Unless she is caught by someone while she is on the loose, the only way to catch The Gator is to start driving around the neighborhood. She likes to give chase, so I drive up and down the streets at a fairly fast speed, so that she is about 20 feet behind the car. Any slower and she likes to catch up with me and then dart out in front of the vehicle. Not good. I am terrified that I am going to hit her someday.

Come on Sprout! Chase me!
This whole process is just a game to her. I imagine she feels that she doesn't get enough exercise or   something. I cannot believe that she would make such an assertion though. We have a large back yard with lots of toys. When we try to play with her, she can't be bothered. I also take her to the huge local dog park sometimes, where she finds a shady spot and languishes. She might say her evading capture techniques have to do with her need to run and play, but I think it's just because she knows it drives us all bananas. She has a good sense of humor, that dog, and I know she thinks it's funny.

Tuesday, July 31, 2012

Thief

Daddy has been coddling The Gator since 2009.
No wonder there is a problem
There I was, cozy and cuddly in bed last night, when who should happen to nudge my hand, all cries and pitiful stares, but Molly-Gator.

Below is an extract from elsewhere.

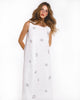 White Embroidered Linen Long Dress || ZALXNDRA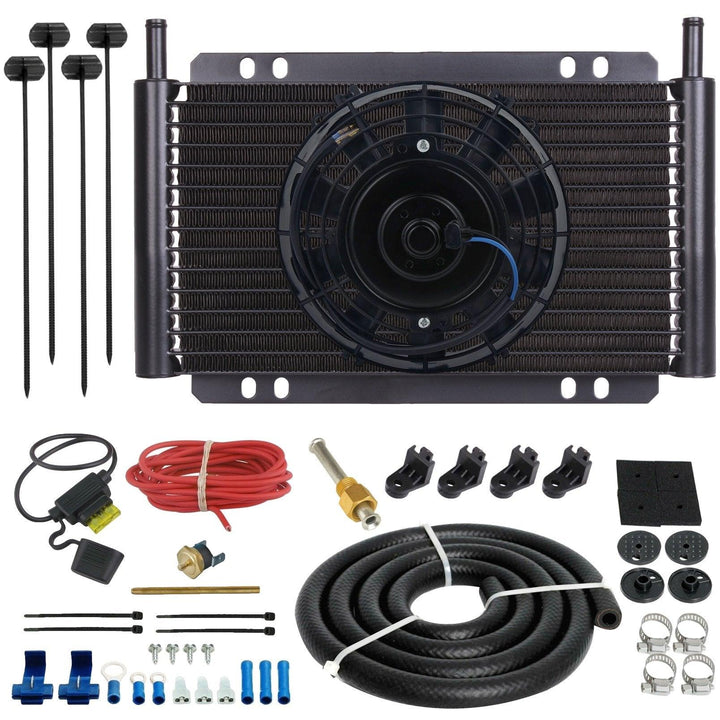 17 Row Engine Transmission Oil Cooler 6" Inch Electric Cooling Fan Fin Thermostat Temperature Switch Kit - American Volt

"Do you want to go outside?" I asked. She whined some more, implying that this was the case. So, I did as all good mothers do. I got out of bed and walked to the back door to let her out. The last thing I wanted was for her to have an accident. Her sad little face belied a full bladder.

It had all been a clever ruse. When I opened the door, Cody, the good dog, ran outside to do his business. But where was The Gator? I went back into the bedroom to see what might be keeping her. It should not have surprised me, what I found. Molly-Gator was curled up in bed where I had been laying, looking happy as a clam, getting pets from her daddy.

This has not been an isolated incident. The next morning, when I got out of bed to let the dogs out and make the family some breakfast, I returned to find that sneaky dog standing on my side of the bed, all doggy smiles and waggy tails.

She is a bed thief and a love sponge, and it will not be tolerated I tell you. The only way to rectify this behavior is with more pets in Gator approved zones. More to come as developments occur.